Rising premiums and declining values are causing the initial cracks in municipal credit, panelists said.

“Insurance rationing by the leading insurers is becoming the mechanism by which climate risk is starting to impact municipal issuers,” said Triet Nguyen, vice president of strategic data operations at DPC Data, who moderated the panel. The muni market, Nguyen added, “doesn’t have a great record in terms of discounting these major changes.”

“Insurance rationing by the leading insurers is becoming the mechanism by which climate risk is starting to impact municipal issuers,” said Triet Nguyen, vice president of strategic data operations at DPC Data.

Despite a rise in extreme weather events affecting cities and states and more focus from investors and regulators, muni bonds have yet to show climate-driven pricing differences. But that could change quickly, panelists said.

“Over the next two years or so we’re going to see a muni market that takes climate change much more seriously and that means changes in relative valuation,” said George Friedlander, longtime muni strategist and CEO of George Friedlander & Associates.

That means wider credit spreads and a steeper yield curve, trends that will be accelerated by a shifting buyer base toward more individuals investing through separately managed accounts, Friedlander said.

“We need the market to take relative valuation and the [climate] risks much more seriously and that’s going to come in part as individual investors become an increasingly dominant source of demand,” he said.

The high-yield muni market in particular could “take it in the neck in terms of widening out significantly,” Friedlander said. “Major weather events that affect local conditions will be extremely damaging to credit and that’s going to push more issuers into that high-yield category, and I don’t think it’s going to take long for us to get there.”

The current market “indifference” to climate risk presents an investor opportunity, said Derek Endsley, a senior analyst in the credit research group at Loomis Sayles.

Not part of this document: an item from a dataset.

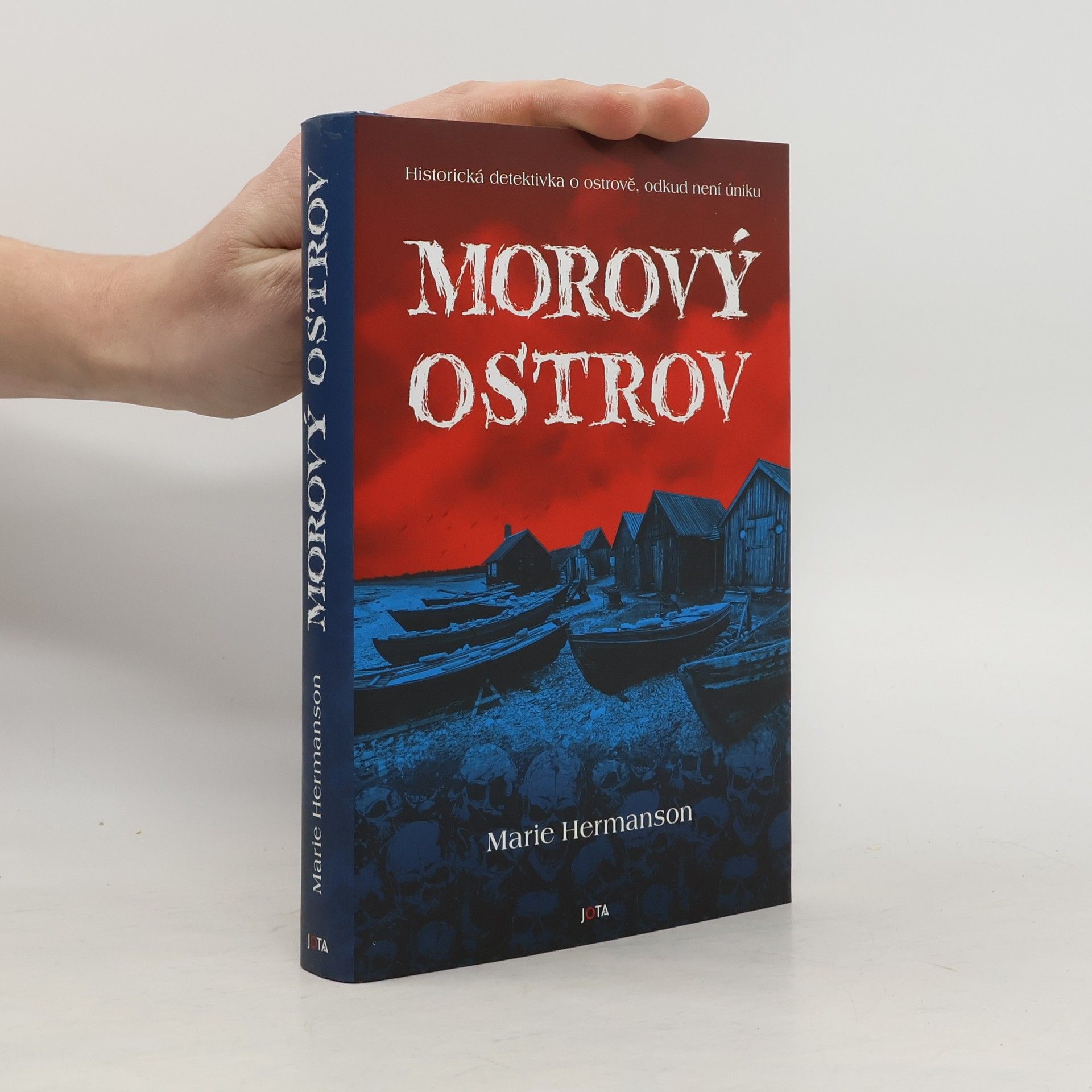 Marie Hermanson Morový ostrov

“That misunderstanding of risk [in valuation] is an opportunity for our clients – our longer term hypothesis is for the market to incorporate the risk,” Endsley said.

As private insurance companies become more cautious, the space is seeing some new models, including states having to step in to provide insurance.

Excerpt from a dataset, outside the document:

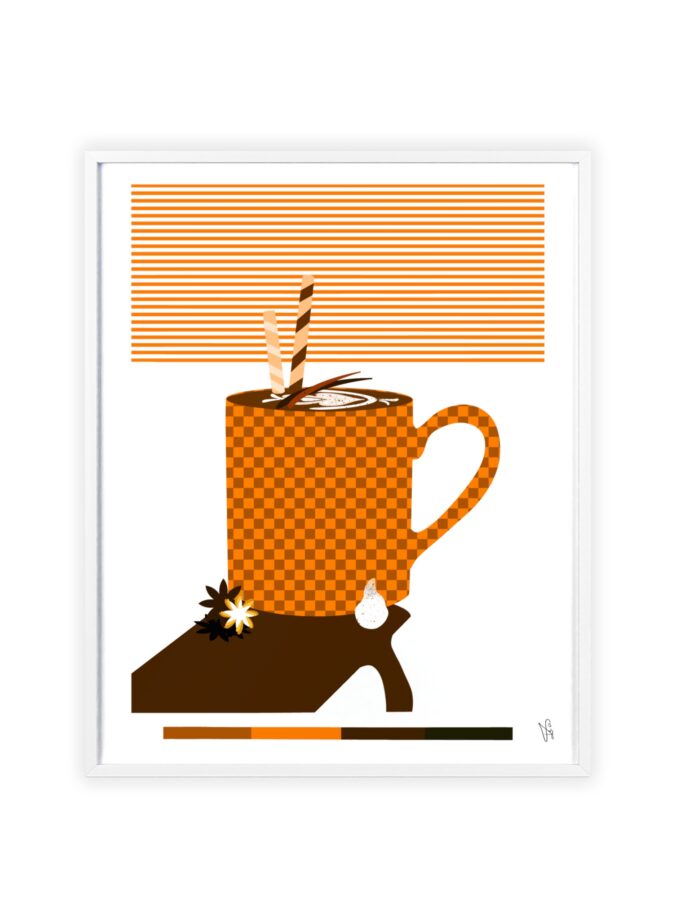 Extra Sweet Poster, Framed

That raises questions of whether large public plans could begin to impact state credit, Endsley said.

Columbus, Ohio city auditor Megan Kilgore, who testified in January at a Senate Budget Committee hearing on how weather affects the muni market, said a state-created plan “shifts the burden of responsibility to the residents, to our taxpayers, either through taxes or borrowing,” she said. “So, who is ultimately paying for the consequences of climate change?”

The Securities and Exchange Commission’s new climate disclosure rules for public companies will eventually filter down to the muni market, panelists said, and the market would do well to get ahead of the trend.

“It’s fair to ask what can be transferred over to the muni market,” Kilgore said of the new rules. “There’s a period of evolution right now,” in terms of how issuers disclose climate risk, she said. “As a debt issuer, we do seek standardization and simplification to make sure we’re doing it correctly.”

For investors, issuers that have “married their capital plans with their climate outlooks tend to be more positively viewed in the institutional space but you’re going to see disclosure across the gamut from very robust to nonexistent,” said Endsley. “We want as much standardization as we can get from our issuers,” he said, adding that it’s “probably not a realistic goal in the next few years given the lack of guidance that issuers receive.”

Nguyen said it would be “optimal” for the market to reach an agreement on disclosure standards. “I’m hoping the industry will coalesce around some type of disclosure on a preemptive basis — some recognition of the risk and match it up with how an issuer is addressing this risk; that combination is what the market should be looking for.”

As more states and local governments embark on capital projects to mitigate climate risks, the question of funding will be key, Friedlander said. Though some participants argue that the municipal market will play a major financing role, Friedlander said he is not so sure.

“I don’t think that state and local governments are going to have the revenue sources necessary to do the things needed,” he said. “The federal government is going to have to get a lot more involved and we as an industry are going to have to get them more involved.”